- Born: Kenosha, Wisconsin
- Education: University of California, Berkeley, Smith College, University of Chicago
- Occupations: Clinical Psychologist and Professor Emerita
- Known for: Family resilience, family strengths, family processes, loss in families, gender disparities

= Froma Walsh =

Clinical Psychologist and family therapist

Froma Walsh (born 1942) is an American clinical psychologist and family therapist. She is the co-founder and co-director of the Chicago Center for Family Health and the Mose and Sylvia Firestone Professor Emerita at the University of Chicago.

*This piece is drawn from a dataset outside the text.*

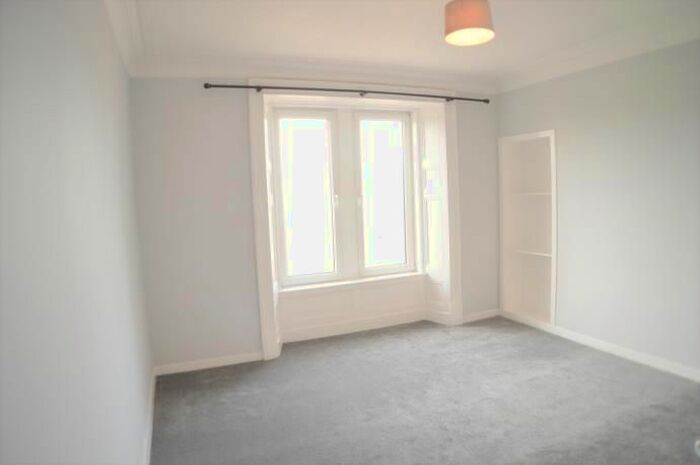 3 Bedroom Flat To Rent In Dundonald Street, Dundee, DD3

== Early life and education ==
Walsh grew up in Kenosha, Wisconsin and Burbank, California. She received her BA in Psychology at the University of California, Berkeley (1960-1964), where she was involved in primate studies and was worked alongside Mark Rosenzweig (psychologist) and Marian Diamond on enriched environments in neuroplasticity. She served as a Peace Corps Volunteer in Morocco (1964–66), in the women's center (foyers feminins) and in psychological services for maladapted youth. She received an MSW at Smith College, Northampton, MA, with clinical practica at the Yale University Child Study Center and at the department of psychiatry (1968-1970). She earned her PhD in Human Development and Behavioral Sciences at the University of Chicago (1977) and was influenced by the work of Bertram Cohler and Mihaly Csikszentmihalyi on positive life course development.

== Career ==
In 1971 Walsh was the Family Studies Coordinator for a Schizophrenia Research Program in Chicago, which was sponsored by the National Institute of Mental Health. She brought a family systems orientation in contrast to prevailing mother-blaming theories of mental illness in the field of psychiatry. She expanded her studies from families of psychiatric patients to a broad community sample to understand the diversity, challenges, and strengths in family life. In 1978, Walsh joined the faculty of the Family Institute of Chicago, Northwestern University as Associate Professor of Psychiatry. From 1982 until retirement, she was on the tenured faculty at the University of Chicago in the School of Social Service Administration and the Department of Psychiatry, Pritzker School of Medicine, and was appointed the Mose and Sylvia Firestone Professor. Additionally, she and John Rolland co-founded the university-affiliated Chicago Center for Family Health (1991-current). Under their co-direction, the award-winning institute has provided resilience-oriented family therapy training and community consultation, with a core commitment to diverse and underserved families.

== Major contributions ==
Walsh has focussed much of her work on family resilience. Her research-informed family resilience framework has helped to shape theory, research, and practice with individuals, families, and communities facing adversity Over 30 years, she and her CCFH colleagues have developed programs building family resilience with a range of adverse situations: complicated bereavement; chronic illness/disability; relational trauma; divorce; job loss/unemployment; LGBTQ stigma; and at-risk youth. She has conducted international training and consultation to develop local capacities to strengthen families facing adversity, from conditions of poverty to major disasters, refugee displacement, and war-related strife

She has refocused psychotherapy from family deficits to family strengths, deconstructing myths of "the normal family." She addresses the diversity, challenges, and resilience of families in the context of societal and global transformations. Informed by the research evidence that children and families can thrive in diverse relational structures, she identified key family processes and socio-cultural influences in risk and resilience.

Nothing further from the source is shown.